Common assertion gates:

bun scripts/floodingReplayHarness.ts --mode recorded \
  --assert-max-unaddressed-send-rate 15 \
  --assert-max-unaddressed-sends 3 \
  --assert-min-addressed-send-rate 70 \
  --assert-min-addressed-sends 2 \
  --assert-max-sent-turns 12 \
  --fail-on-llm-error

Replay Key Flags

  • --since, --until, --channel-id: replay scope.
  • --history-lookback-hours: extra context before since.
  • --max-turns: cap number of replayed user turns.
  • --snapshots-limit: how many turn snapshots to print.
  • --actor-provider, --actor-model: override actor LLM in live mode.
  • --judge-provider, --judge-model, --judge, --no-judge: control judge behavior.
  • --window-start, --window-end: timeline window for judge + snapshot focus.
  • --assert-min-llm-calls: assert minimum actor LLM volume in replay window.
  • --out-json: write machine-readable report.

Creating a New Replay Harness

Use scripts/replay/scenarios/flooding.ts as the scenario template.

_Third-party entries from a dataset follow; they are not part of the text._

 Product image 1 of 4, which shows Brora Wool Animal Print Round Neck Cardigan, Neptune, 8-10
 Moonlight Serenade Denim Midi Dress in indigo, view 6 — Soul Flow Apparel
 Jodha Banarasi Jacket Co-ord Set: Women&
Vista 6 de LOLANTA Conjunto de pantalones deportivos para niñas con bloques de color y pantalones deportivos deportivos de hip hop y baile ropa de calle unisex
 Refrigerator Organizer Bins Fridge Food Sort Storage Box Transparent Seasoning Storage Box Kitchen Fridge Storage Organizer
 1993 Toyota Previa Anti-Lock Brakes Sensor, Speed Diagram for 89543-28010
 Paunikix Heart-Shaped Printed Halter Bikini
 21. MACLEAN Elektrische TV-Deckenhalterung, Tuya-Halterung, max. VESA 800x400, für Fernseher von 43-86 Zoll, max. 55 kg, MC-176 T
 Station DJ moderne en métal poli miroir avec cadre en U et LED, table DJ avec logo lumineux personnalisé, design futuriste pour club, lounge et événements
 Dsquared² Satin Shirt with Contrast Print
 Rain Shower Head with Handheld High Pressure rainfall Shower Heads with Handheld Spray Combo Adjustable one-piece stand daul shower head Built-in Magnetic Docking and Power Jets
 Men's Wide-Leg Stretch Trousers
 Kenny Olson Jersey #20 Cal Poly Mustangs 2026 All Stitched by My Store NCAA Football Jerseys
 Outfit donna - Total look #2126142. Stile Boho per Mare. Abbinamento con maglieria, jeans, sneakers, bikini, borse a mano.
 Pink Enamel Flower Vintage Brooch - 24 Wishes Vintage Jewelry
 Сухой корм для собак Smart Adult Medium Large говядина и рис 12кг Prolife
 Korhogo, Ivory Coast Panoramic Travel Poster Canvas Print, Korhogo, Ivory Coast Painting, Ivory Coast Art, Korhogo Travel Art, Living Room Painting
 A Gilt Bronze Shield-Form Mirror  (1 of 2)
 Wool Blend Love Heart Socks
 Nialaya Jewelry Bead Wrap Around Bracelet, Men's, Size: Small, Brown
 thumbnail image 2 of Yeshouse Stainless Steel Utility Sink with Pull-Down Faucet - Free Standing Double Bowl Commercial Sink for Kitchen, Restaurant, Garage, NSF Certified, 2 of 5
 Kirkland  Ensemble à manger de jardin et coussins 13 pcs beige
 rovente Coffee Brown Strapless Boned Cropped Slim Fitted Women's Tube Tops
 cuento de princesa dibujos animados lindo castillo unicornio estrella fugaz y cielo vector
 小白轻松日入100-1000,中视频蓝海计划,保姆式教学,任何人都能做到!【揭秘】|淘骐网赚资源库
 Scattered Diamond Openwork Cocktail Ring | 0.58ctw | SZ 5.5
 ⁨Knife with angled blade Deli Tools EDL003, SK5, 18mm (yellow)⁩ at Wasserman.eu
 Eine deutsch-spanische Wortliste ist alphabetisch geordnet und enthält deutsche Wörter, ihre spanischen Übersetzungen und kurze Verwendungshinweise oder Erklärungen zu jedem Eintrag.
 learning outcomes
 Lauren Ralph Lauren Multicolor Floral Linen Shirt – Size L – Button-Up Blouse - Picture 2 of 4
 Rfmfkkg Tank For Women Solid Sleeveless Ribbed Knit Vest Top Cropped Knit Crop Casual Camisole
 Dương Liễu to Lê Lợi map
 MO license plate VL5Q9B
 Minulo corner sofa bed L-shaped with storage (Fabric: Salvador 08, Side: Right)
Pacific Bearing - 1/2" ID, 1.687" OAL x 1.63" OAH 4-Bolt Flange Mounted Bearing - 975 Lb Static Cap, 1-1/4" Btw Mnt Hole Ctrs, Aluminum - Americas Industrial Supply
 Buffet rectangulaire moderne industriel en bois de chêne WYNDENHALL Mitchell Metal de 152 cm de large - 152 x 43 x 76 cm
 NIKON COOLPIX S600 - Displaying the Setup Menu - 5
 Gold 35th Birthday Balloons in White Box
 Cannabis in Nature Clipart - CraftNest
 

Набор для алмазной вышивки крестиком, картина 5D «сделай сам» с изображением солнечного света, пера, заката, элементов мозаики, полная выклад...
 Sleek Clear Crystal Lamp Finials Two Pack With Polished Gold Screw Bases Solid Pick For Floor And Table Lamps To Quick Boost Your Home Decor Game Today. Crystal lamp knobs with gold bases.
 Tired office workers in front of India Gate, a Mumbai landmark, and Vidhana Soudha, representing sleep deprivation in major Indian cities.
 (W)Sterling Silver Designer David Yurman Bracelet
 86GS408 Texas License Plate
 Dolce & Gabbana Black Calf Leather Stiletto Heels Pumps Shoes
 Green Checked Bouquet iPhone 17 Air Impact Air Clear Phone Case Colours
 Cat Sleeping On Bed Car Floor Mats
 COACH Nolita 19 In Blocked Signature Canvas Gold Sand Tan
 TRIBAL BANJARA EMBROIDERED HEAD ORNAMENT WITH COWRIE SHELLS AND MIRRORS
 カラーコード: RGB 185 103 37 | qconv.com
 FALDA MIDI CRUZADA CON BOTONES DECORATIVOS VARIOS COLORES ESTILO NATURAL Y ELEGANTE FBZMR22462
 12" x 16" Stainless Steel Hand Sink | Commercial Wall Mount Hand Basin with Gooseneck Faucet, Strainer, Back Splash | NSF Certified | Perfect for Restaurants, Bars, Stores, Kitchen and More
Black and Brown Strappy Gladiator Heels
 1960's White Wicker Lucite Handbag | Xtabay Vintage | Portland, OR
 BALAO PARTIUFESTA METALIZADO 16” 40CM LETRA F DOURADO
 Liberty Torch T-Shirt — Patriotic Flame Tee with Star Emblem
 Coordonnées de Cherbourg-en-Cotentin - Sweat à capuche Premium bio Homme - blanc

  1. Create scripts/replay/scenarios/<scenario>.ts.
  2. Export a run<Scenario>ReplayHarness(argv) function that:
    • parses scenario args,
    • calls runReplayEngine(...),
    • evaluates scenario assertions,
    • prints/writes scenario report output.
  3. Keep one decision path per mode (recorded vs live) and remove unused branches.
  4. Add scenario assertions that encode the behavior the harness should protect.
  5. Create scripts/<scenario>ReplayHarness.ts as a thin entrypoint that calls the scenario runner.
  6. Optionally add package.json scripts:
    • replay:<scenario>
    • replay:<scenario>:live
  7. Validate with a known window:
    • Run recorded first to establish baseline behavior.
    • Run live with same window to compare current model behavior.
    • Keep thresholds in CLI assertions so CI/local runs fail fast on regressions.